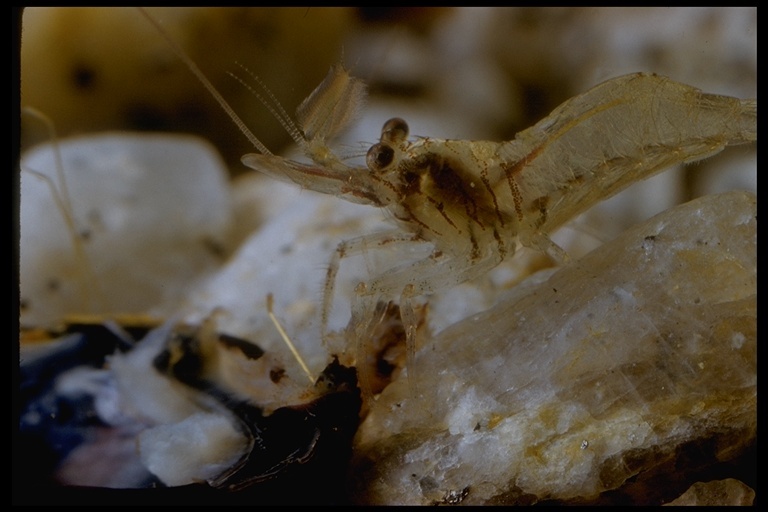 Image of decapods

-*-

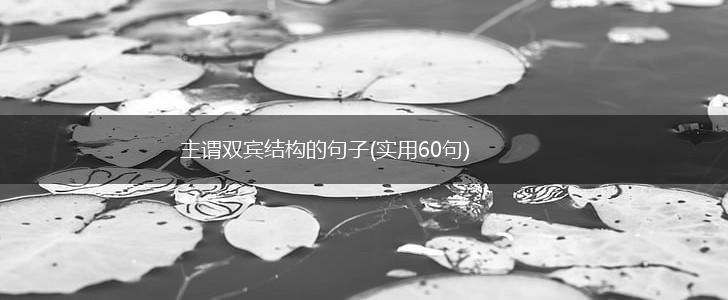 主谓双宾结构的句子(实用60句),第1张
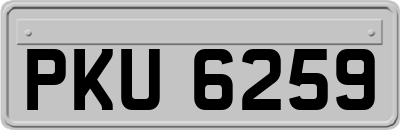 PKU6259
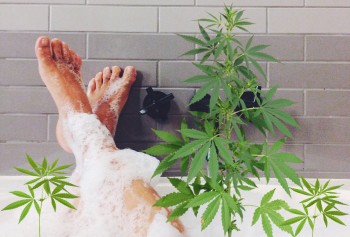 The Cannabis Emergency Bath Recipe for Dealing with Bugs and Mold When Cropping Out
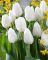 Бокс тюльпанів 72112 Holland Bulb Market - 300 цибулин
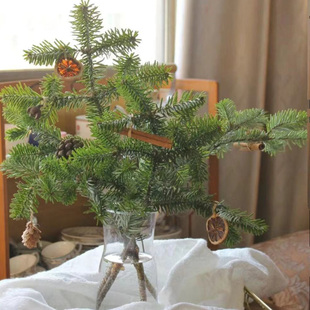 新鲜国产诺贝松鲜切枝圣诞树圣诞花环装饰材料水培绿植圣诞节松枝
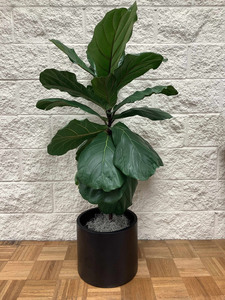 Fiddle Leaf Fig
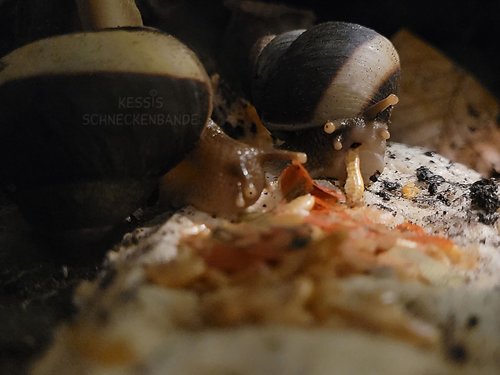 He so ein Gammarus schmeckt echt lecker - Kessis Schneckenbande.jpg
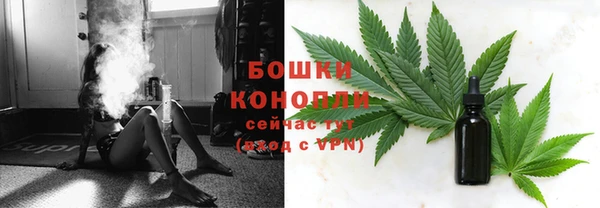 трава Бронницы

-*-

WHAT THE EXERCISE ASKS
Reproduce exactly the lines of the data above that run from the line with "Бокс тюльпанів 72112" down to the line with "трава Бронницы", both ends included. Pictures do not belong in the copy.

OUTPUT FOR THIS TASK
 Бокс тюльпанів 72112 Holland Bulb Market - 300 цибулин
 新鲜国产诺贝松鲜切枝圣诞树圣诞花环装饰材料水培绿植圣诞节松枝
 Fiddle Leaf Fig
 He so ein Gammarus schmeckt echt lecker - Kessis Schneckenbande.jpg
 трава Бронницы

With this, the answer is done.